In a chapter titled Living the Myths the authors draw some parallels with other isolated cultures threatened with extinction by the imposition of a money economy, replacing the traditional barter system. Several pages are devoted to the former Himalayan kingdom of Ladakh, now part of Kashmir. Citing Helena Norberg-Hodge's seminal work, Ancient Futures, they lament the fact that the young Ladakhi are often ashamed of the traditional ways, and that the old beliefs and values are no longer central to everybody's existence. And because the people of Ladakh -- who used to practice polyandry in order to maintain a sustainable 'ecological footprint' of about one person per square mile -- have been dis-connected from their habitat and uprooted from their culture, the population has now grown beyond sustainable levels.
Paradise for Sale is much more than a dirge for quaint vanishing cultures, however; it is a metaphor for what ails modern society as a whole. The fate of Nauru is not just an isolated tragedy; it is, in the words of the authors, 'a story of power, exploitation, greed, and the selling of the future for short-term gain, which... render intelligible the numerous fallacies in our cultural beliefs and the trajectories they [project].' Since technology has greatly accelerated the current ecosystem and habitat destruction, it is unlikely that we will be able to restore our planet's biodiversity by technological means -- 'with the market as our master, technology is the handmaiden of this destruction'.

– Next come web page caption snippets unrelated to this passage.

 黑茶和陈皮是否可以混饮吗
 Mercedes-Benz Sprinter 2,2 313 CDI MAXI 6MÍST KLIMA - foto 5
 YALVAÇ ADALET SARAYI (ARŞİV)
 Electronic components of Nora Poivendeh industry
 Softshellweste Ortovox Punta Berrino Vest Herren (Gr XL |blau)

Like the Nauru natives, who sold the very land from under their feet for a brief moment of material wealth, or the Rapa Nui of Easter Island, who built bigger and bigger statues to appease the gods, today's corporate and political leaders call for ever greater economic growth as a way of guaranteeing human well-being. Yet 'within the last several hundred years all of the major components of this worldview' have been shown to be untenable.
Despite the gloomy picture painted by the authors of our present technology-based civilisation and its devastating impact on our planet, the authors end their narrative on a note of optimism. In response to the question whether the fate of Nauru and countless similar examples prove that our globalised economy is, in fact, dysfunctional and self-defeating, they assert that we 'certainly have [both] the knowledge and the resources to achieve enduring habitation'.

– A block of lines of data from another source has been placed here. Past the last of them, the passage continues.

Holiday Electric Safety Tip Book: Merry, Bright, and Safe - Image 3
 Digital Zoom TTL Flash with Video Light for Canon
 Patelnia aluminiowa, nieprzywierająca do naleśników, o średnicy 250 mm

But the authors are no romantics la Rousseau who view the world through rose-coloured glasses; both have solid scientific credentials. Perhaps it is the fact that they are not beholden to any corporate or other short-sighted interests which enables them to take an objective and dispassionate view of their world -- a world which is rapidly depleting its finite resources under pressure of an exploding population and reckless consumerism.
To paraphrase Louis XIV: 'After us, the flood.' (Apres moi le deluge.)